Rubber tees vs supple TPU.
Stiff rubber mashes flat over time. Supple TPU flexes on contact and returns to shape, so the height stays honest and the needle points spring back.
The material difference
The "rubber" in most range rubber tees is a stiff EVA or vulcanized rubber compound with a Shore A hardness of about 70 to 80. It feels firm. Over hundreds of strikes it compresses and does not fully recover, so the effective tee height drops by 10 to 20% within a season.
TPU 95A
Thermoplastic polyurethane at Shore A 95 is harder than typical rubber tees but more elastic. It deforms under load, then returns to shape. Tee height stays consistent across thousands of strikes.
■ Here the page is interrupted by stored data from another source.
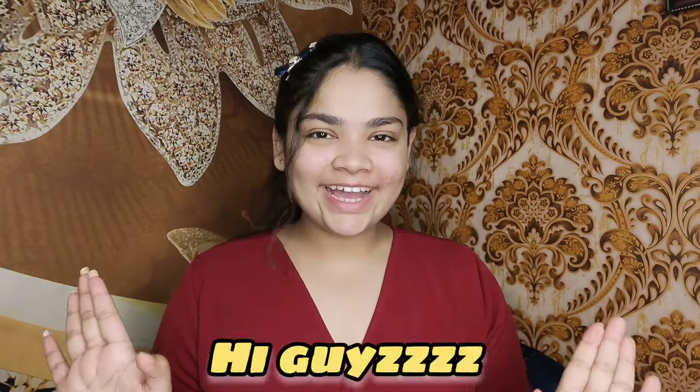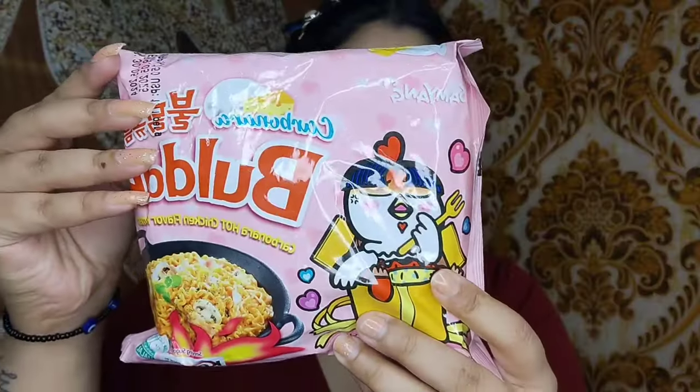Hello hi guys, welcome back to the channel and welcome back to another video. I hope you all are doing great. It's been a long time since I reviewed Korean noodles, and my audience loves Korean videos a lot. So today I'm bringing a new flavor of Korean noodles — this is Buldak Korean Carbonara hot flavor ramen. Let's try this today.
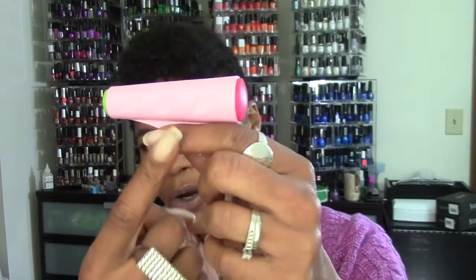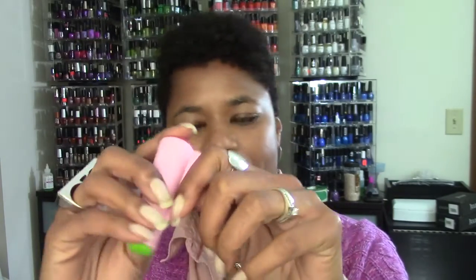Most of you who've been following me know I started out with Conad. Conad has a few different types of stampers. The original one is very much like this one except it doesn't have the built-in scraper — it was just a barrel. I picked this one up before I discovered other brands, and I liked that it had the scraper built in so there were fewer things to worry about picking up and putting down.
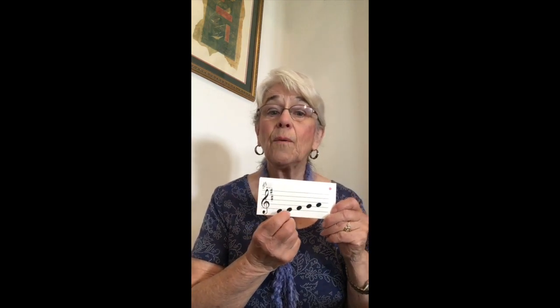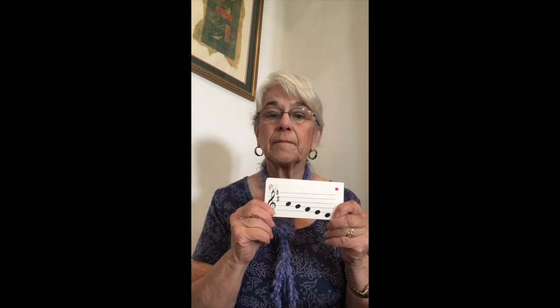Do, re, mi, fa, so. Do, re, mi, fa, so. So, fa, mi, re, do. So, fa, mi, re, do.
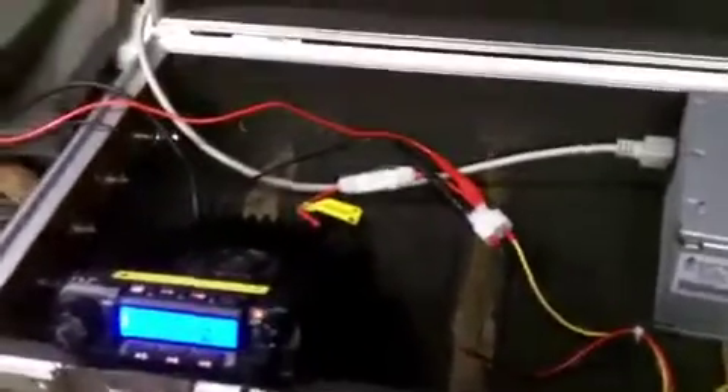For the ham radio viewers out there, you know what a go box is. For those of you that don't, basically it's an emergency battery powered, multiple power source powered — preferably — communications center.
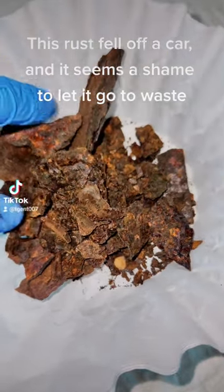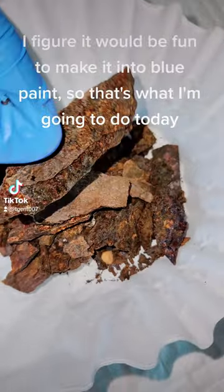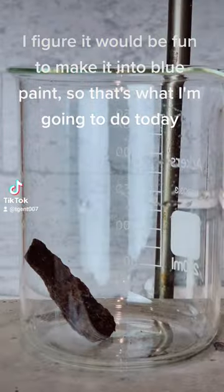This rust fell off a car and it seems a shame to let it go to waste. I figure it would be fun to make it into blue paint, so that's what I'm going to do today.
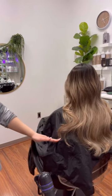I had to take her outside and here's the final look. I hope you guys enjoyed this hand painted balayage video. I had so much fun making it — thanks so much for watching, bye!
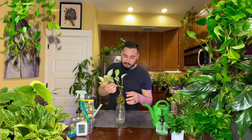It is more than ready to be transferred to soil. I'm going to be repotting it today. Let's get started.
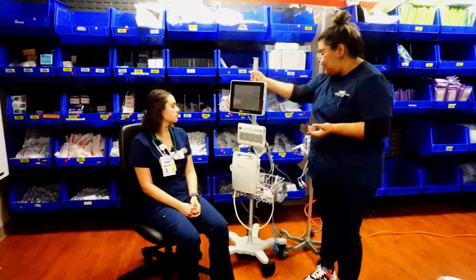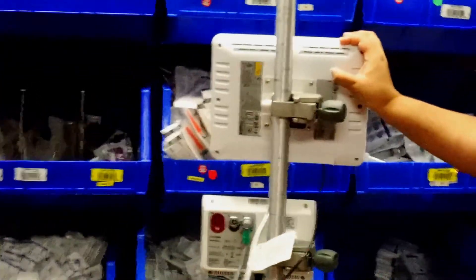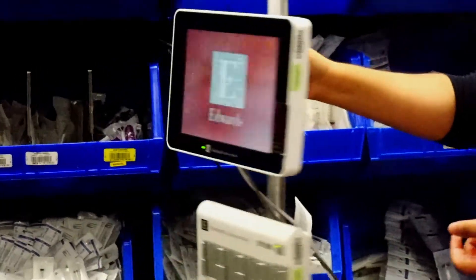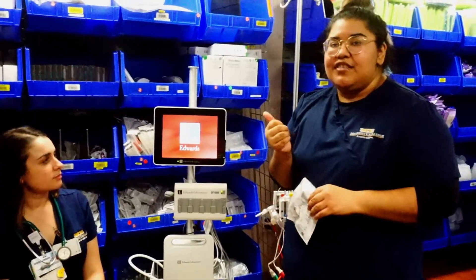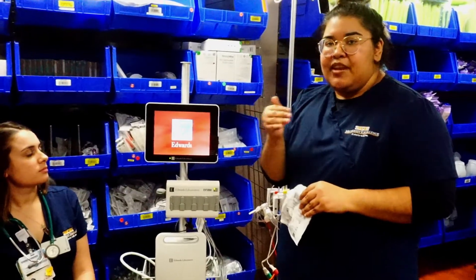The on button for the EV1000 is in the back. Press the power button and that will turn the machine on. When the machine turns on, it's going to ask you about the patient — their ID number, height, weight, and whether they're male or female.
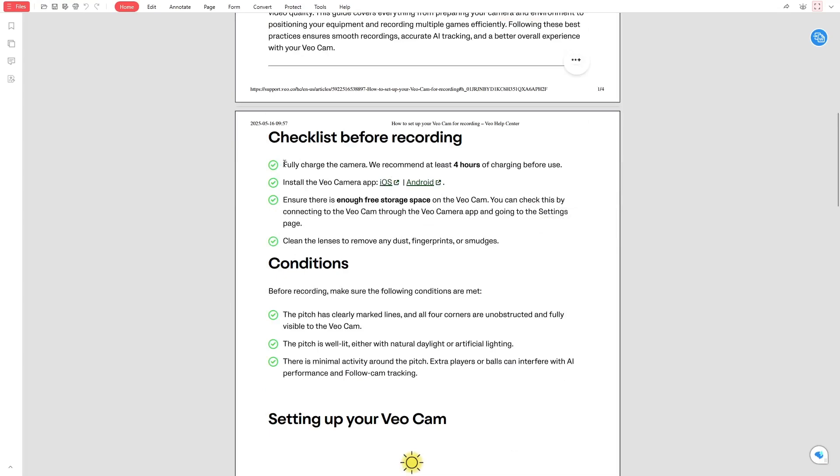Before you begin, make sure your camera is fully charged. A full charge takes about 4 hours and this will help avoid interruptions during your recording. Next, check that you have installed the VeoCam app on your phone or tablet. You can find the app in the App Store or Google Play. Once it's installed, log in to your Veo account.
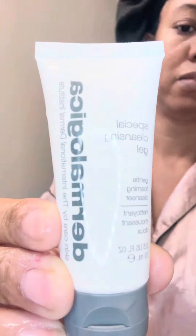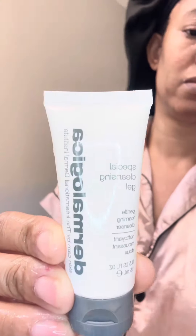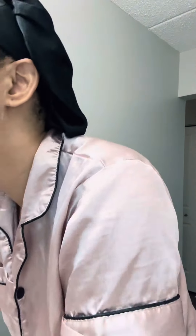Next we're going to go in with the regular cleansing gel. I'm putting this all over my face — it lathers up really nicely. When I rinsed it off, my skin already felt really soft with just those two steps, so I was like, okay, come on Dermalogica. Rinsing it off now.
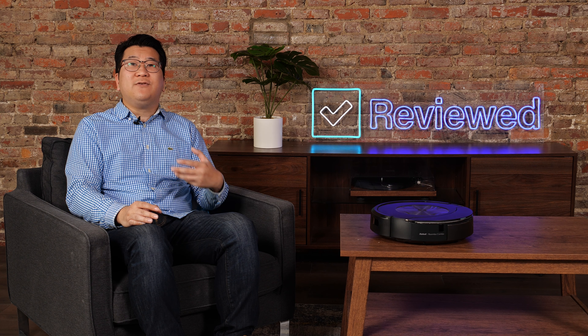The J7 Plus Combo is also compatible with digital assistants like Alexa and Google Home, so you can give voice commands like, 'Hey Alexa, have iRobot clean underneath the couch.'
Why TPU matters for the four points
The ball balances on four thin TPU needle points. Soft TPU gives those points two properties a rigid plastic or wooden tee does not have:
- The points flex when the club brushes them, instead of snapping. They bend out of the way and spring back.
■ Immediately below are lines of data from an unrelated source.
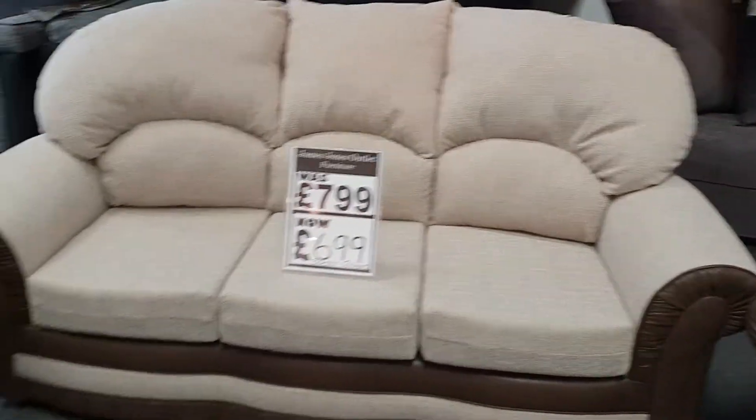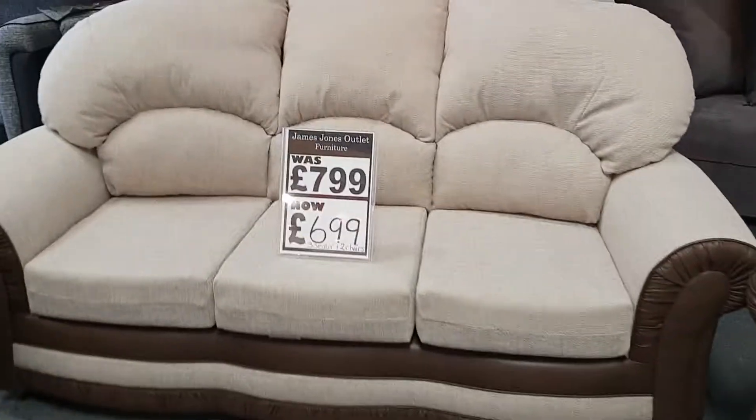it's got a 3 and 2 chairs for £6,99. You can also get it as a 3 and 2 for £6,99, available in a wide range of different colours and fabrics.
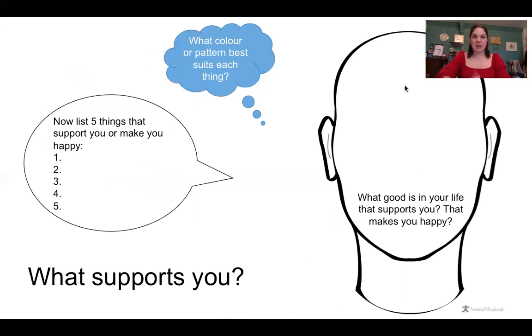Now this part is thinking about what supports you. We've thought about what makes you, you — so this time think about what supports you in your life. What good things do you have? What people are there for you? For me, family is a big part — my number one would be my husband and my children. Teaching you guys makes me really happy, so that would definitely be on my list. My own artwork too. So pause the video, take those deep breaths, and think about what things are there to support you in your life — what perhaps makes you happy.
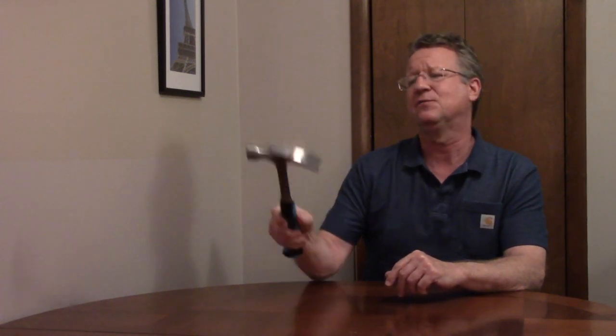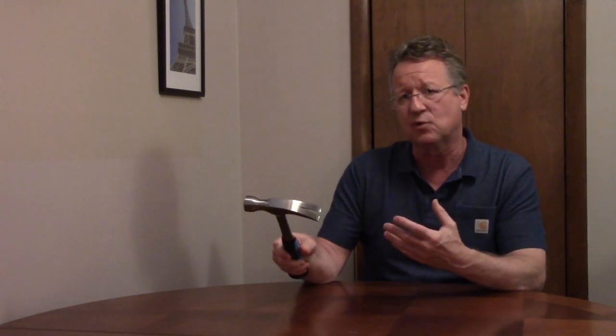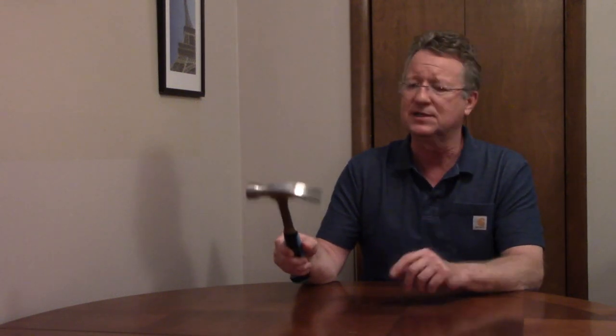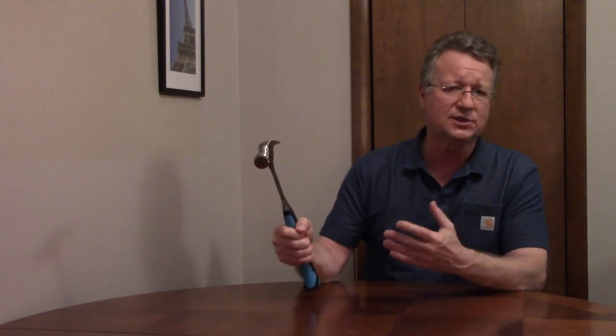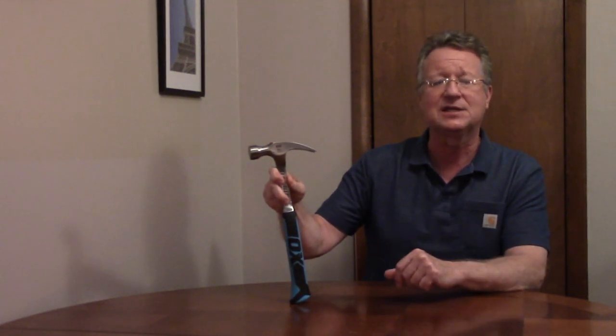It has a smooth striking face, and the rip claw is good for pulling nails and for ripping apart lumber that's been nailed together. It's balanced for framing and demo work, and the handle has a shock-absorbing, non-slip grip.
- The anchor spikes self-seal. The soft TPU spikes part the grass fibers and grip the rubber, then the puncture relaxes shut when you lift the tee out. Steel leaves a permanent hole; soft TPU does not.
The strike feel
Rubber tees can spring back into the club face on a low strike, transferring shock. TPU absorbs and dissipates. Less wrist sting on a skulled iron.